Sul finire dell’estate era stata avvicinata dal capo della comunità che le aveva fatto una proposta sorprendente. Di lì a qualche giorno il campo sarebbe stato sgomberato dalle forze dell’ordine e loro erano dunque in procinto di partire, in cerca di un altro luogo dove sostare, verso il nord. Sapendo che quelle erano zone da cui lei si sarebbe certamente voluta tenere lontana, l’aveva venduta – sì, proprio venduta, come se fosse una sua proprietà, ceduta in cambio di denaro, di quello stesso denaro di cui aveva estremo bisogno per rientrare in patria e che non le riusciva mai di procurarsi – ad una sua vecchia conoscenza, uno con cui aveva condiviso la trincea moltissimi anni prima e con cui era rimasto in contatto. Ora era vecchio, non se la passava troppo male, divideva con la moglie un piccolo appartamento nel centro di Roma ed era in cerca di una donna tuttofare. Il nomade si era impegnato a procurargliela e, senza chiederle nulla, l’affare era stato concluso. Dunque, lei ora apparteneva di fatto ad uno sconosciuto che per lei aveva sborsato dei bei soldini e che, così aveva assicurato, prima o poi le avrebbe ottenuto il permesso di soggiorno. Lasciasse quindi perdere quei bambini, per piacere, perché l’avrebbe accompagnata subito nella sua nuova casa. Certo, aveva riflettuto mentre lo seguiva docilmente per il lungo tragitto dalla periferia al centro, avrebbe potuto rifiutarsi e fuggire, fuggire ancora, ma dove sarebbe andata? Di nuovo la solitudine, la fame, la strada?

Le era stata assegnata una cameretta angusta e senza finestra, comunicante con la cucina e con il bagno di servizio, ma il padrone era stato di parola e dopo un anno aveva avuto i suoi documenti.

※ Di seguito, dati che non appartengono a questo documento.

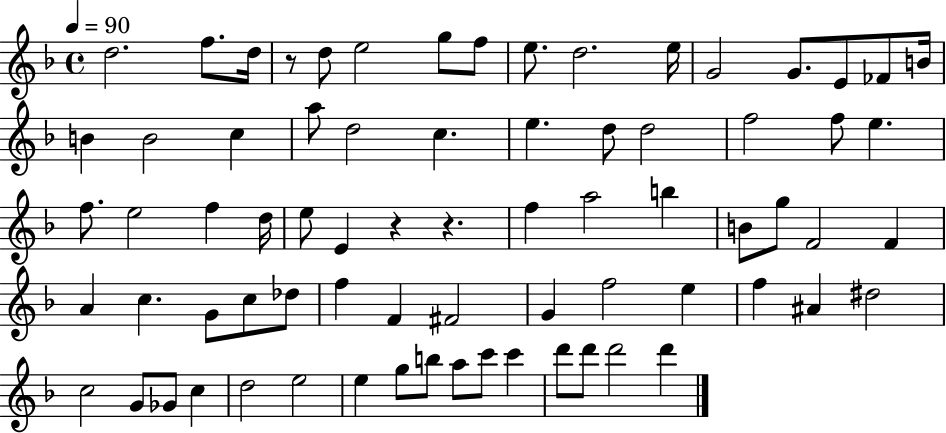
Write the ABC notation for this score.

X:1
T:Untitled
M:4/4
L:1/4
K:F
d2 f/2 d/4 z/2 d/2 e2 g/2 f/2 e/2 d2 e/4 G2 G/2 E/2 _F/2 B/4 B B2 c a/2 d2 c e d/2 d2 f2 f/2 e f/2 e2 f d/4 e/2 E z z f a2 b B/2 g/2 F2 F A c G/2 c/2 _d/2 f F ^F2 G f2 e f ^A ^d2 c2 G/2 _G/2 c d2 e2 e g/2 b/2 a/2 c'/2 c' d'/2 d'/2 d'2 d'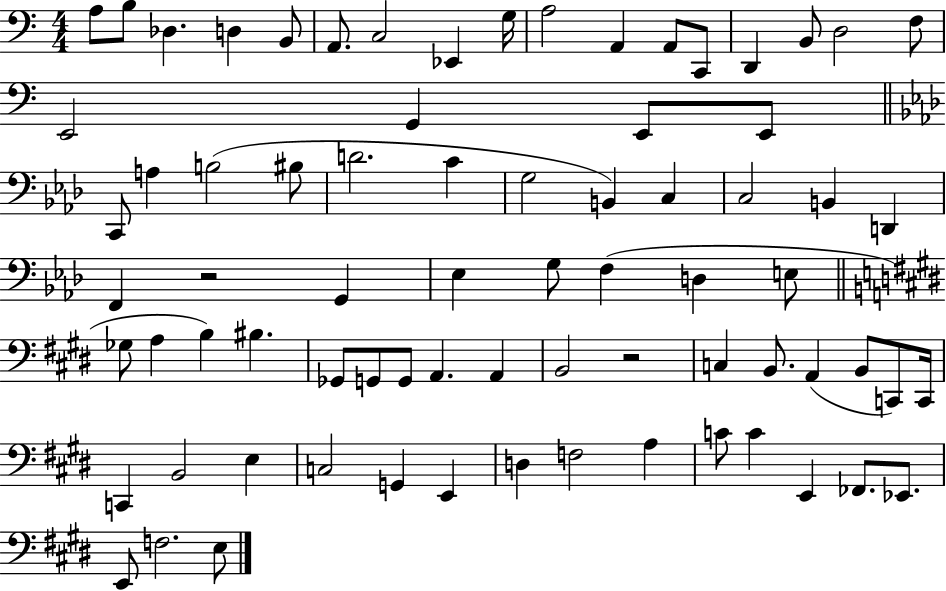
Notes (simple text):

A3/e B3/e Db3/q. D3/q B2/e A2/e. C3/h Eb2/q G3/s A3/h A2/q A2/e C2/e D2/q B2/e D3/h F3/e E2/h G2/q E2/e E2/e C2/e A3/q B3/h BIS3/e D4/h. C4/q G3/h B2/q C3/q C3/h B2/q D2/q F2/q R/h G2/q Eb3/q G3/e F3/q D3/q E3/e Gb3/e A3/q B3/q BIS3/q. Gb2/e G2/e G2/e A2/q. A2/q B2/h R/h C3/q B2/e. A2/q B2/e C2/e C2/s C2/q B2/h E3/q C3/h G2/q E2/q D3/q F3/h A3/q C4/e C4/q E2/q FES2/e. Eb2/e. E2/e F3/h. E3/e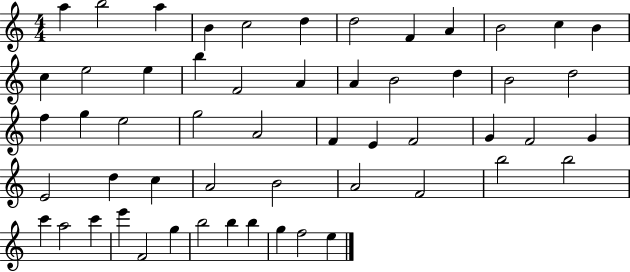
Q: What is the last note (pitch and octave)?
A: E5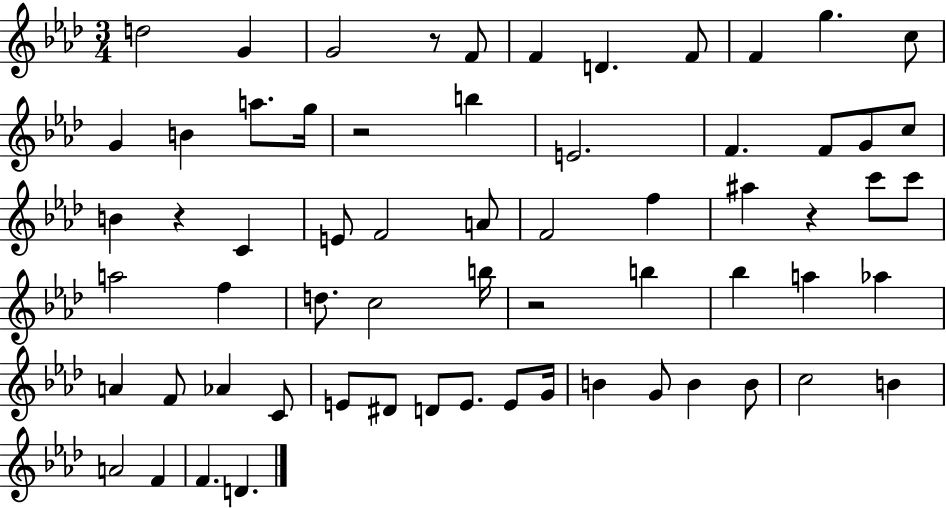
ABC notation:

X:1
T:Untitled
M:3/4
L:1/4
K:Ab
d2 G G2 z/2 F/2 F D F/2 F g c/2 G B a/2 g/4 z2 b E2 F F/2 G/2 c/2 B z C E/2 F2 A/2 F2 f ^a z c'/2 c'/2 a2 f d/2 c2 b/4 z2 b _b a _a A F/2 _A C/2 E/2 ^D/2 D/2 E/2 E/2 G/4 B G/2 B B/2 c2 B A2 F F D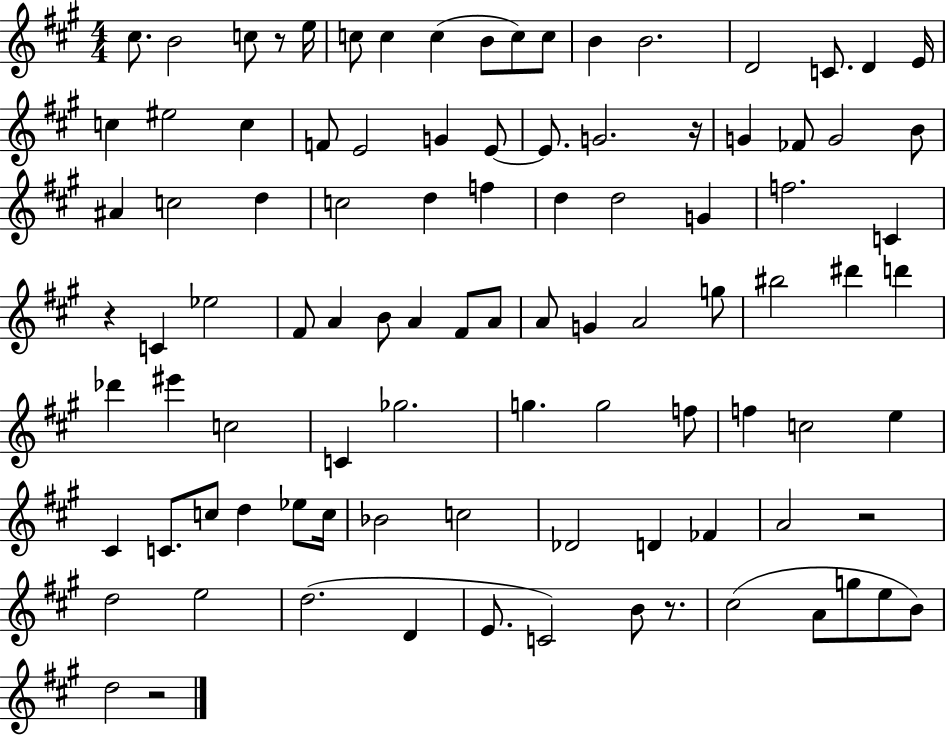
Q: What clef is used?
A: treble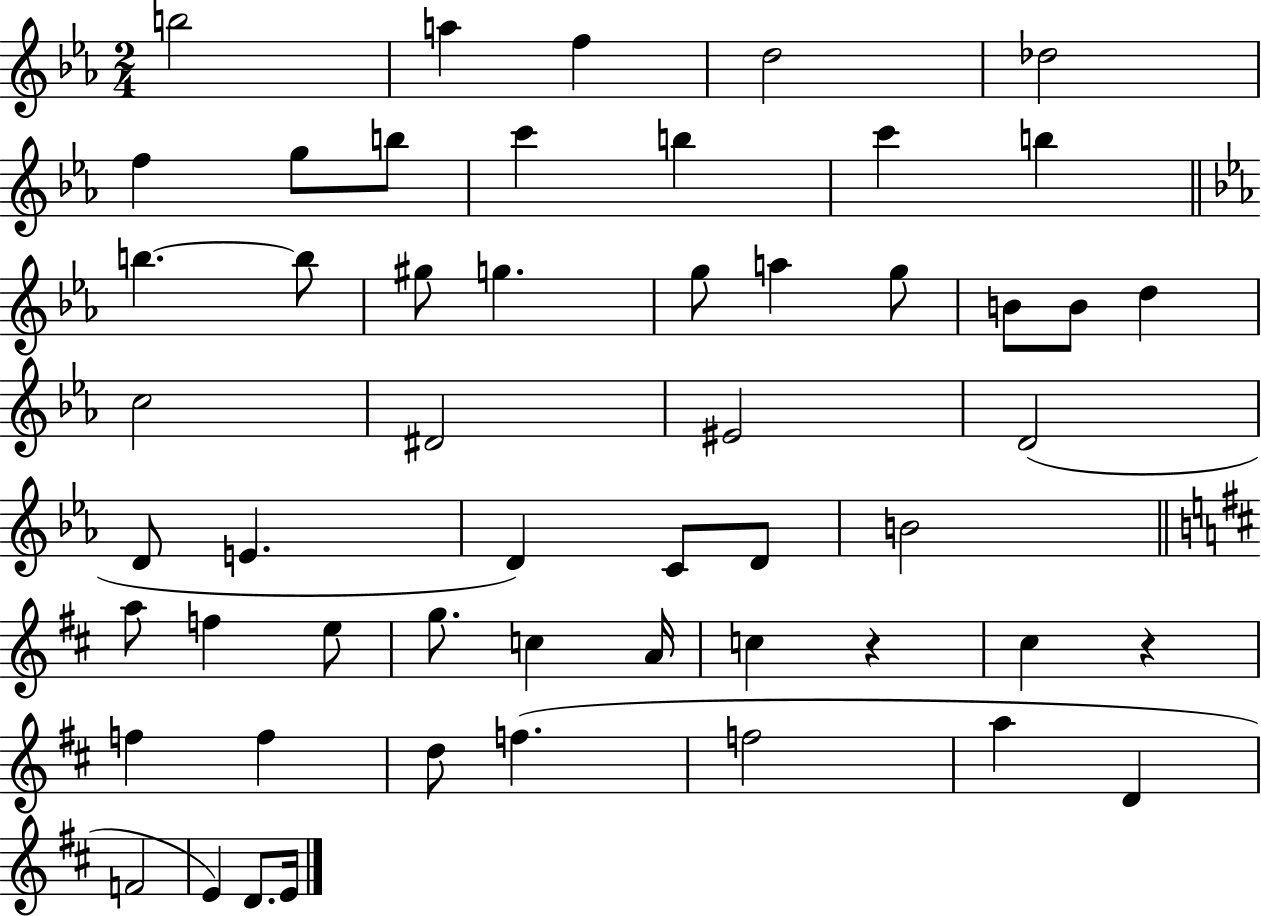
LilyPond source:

{
  \clef treble
  \numericTimeSignature
  \time 2/4
  \key ees \major
  \repeat volta 2 { b''2 | a''4 f''4 | d''2 | des''2 | \break f''4 g''8 b''8 | c'''4 b''4 | c'''4 b''4 | \bar "||" \break \key c \minor b''4.~~ b''8 | gis''8 g''4. | g''8 a''4 g''8 | b'8 b'8 d''4 | \break c''2 | dis'2 | eis'2 | d'2( | \break d'8 e'4. | d'4) c'8 d'8 | b'2 | \bar "||" \break \key d \major a''8 f''4 e''8 | g''8. c''4 a'16 | c''4 r4 | cis''4 r4 | \break f''4 f''4 | d''8 f''4.( | f''2 | a''4 d'4 | \break f'2 | e'4) d'8. e'16 | } \bar "|."
}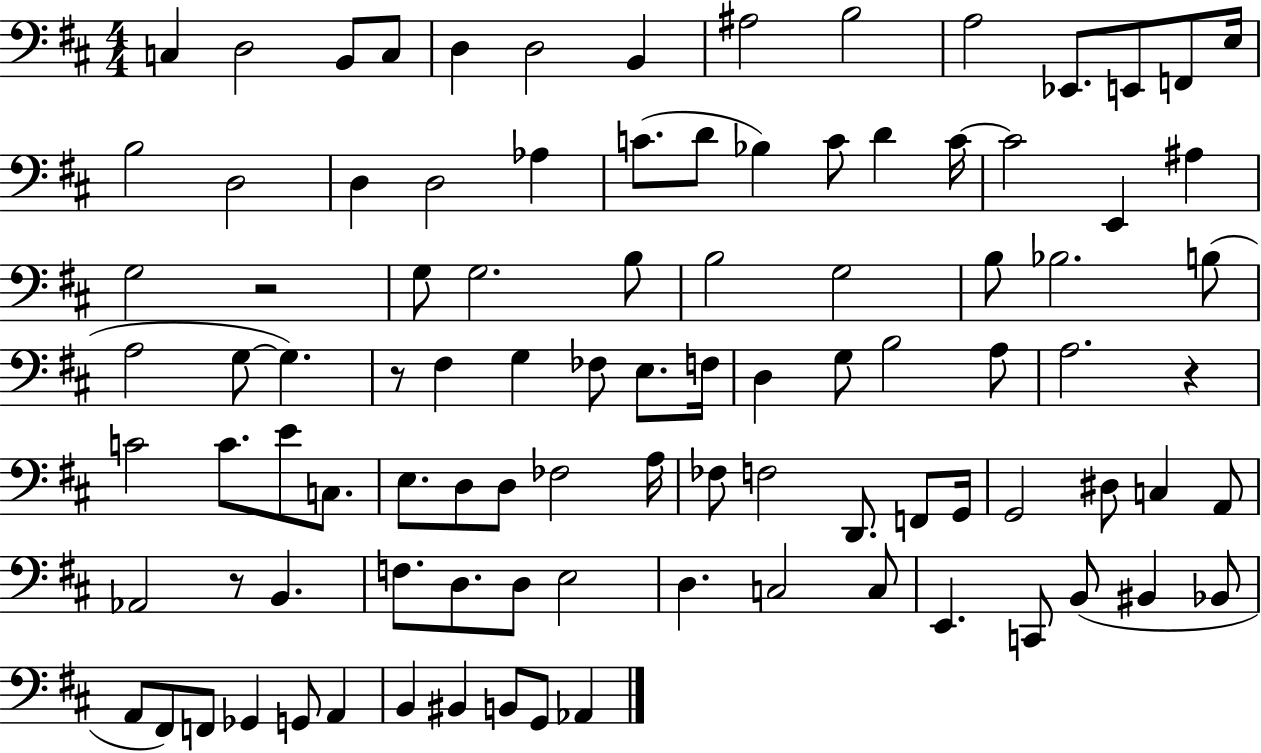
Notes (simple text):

C3/q D3/h B2/e C3/e D3/q D3/h B2/q A#3/h B3/h A3/h Eb2/e. E2/e F2/e E3/s B3/h D3/h D3/q D3/h Ab3/q C4/e. D4/e Bb3/q C4/e D4/q C4/s C4/h E2/q A#3/q G3/h R/h G3/e G3/h. B3/e B3/h G3/h B3/e Bb3/h. B3/e A3/h G3/e G3/q. R/e F#3/q G3/q FES3/e E3/e. F3/s D3/q G3/e B3/h A3/e A3/h. R/q C4/h C4/e. E4/e C3/e. E3/e. D3/e D3/e FES3/h A3/s FES3/e F3/h D2/e. F2/e G2/s G2/h D#3/e C3/q A2/e Ab2/h R/e B2/q. F3/e. D3/e. D3/e E3/h D3/q. C3/h C3/e E2/q. C2/e B2/e BIS2/q Bb2/e A2/e F#2/e F2/e Gb2/q G2/e A2/q B2/q BIS2/q B2/e G2/e Ab2/q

Anche il lavoro non era male, le pulizie non erano troppo pesanti, cucinare la divertiva e lei aveva iniziato a mettere da parte i soldi necessari per pagarsi il biglietto di ritorno e quelli da restituire all’usuraio che glieli aveva prestati per la sua fuga d’amore. Era sicura che se fosse tornata a casa senza, quello non avrebbe dato pace né a lei né alla sua famiglia. Anzi, molto probabilmente stava già taglieggiando i suoi genitori.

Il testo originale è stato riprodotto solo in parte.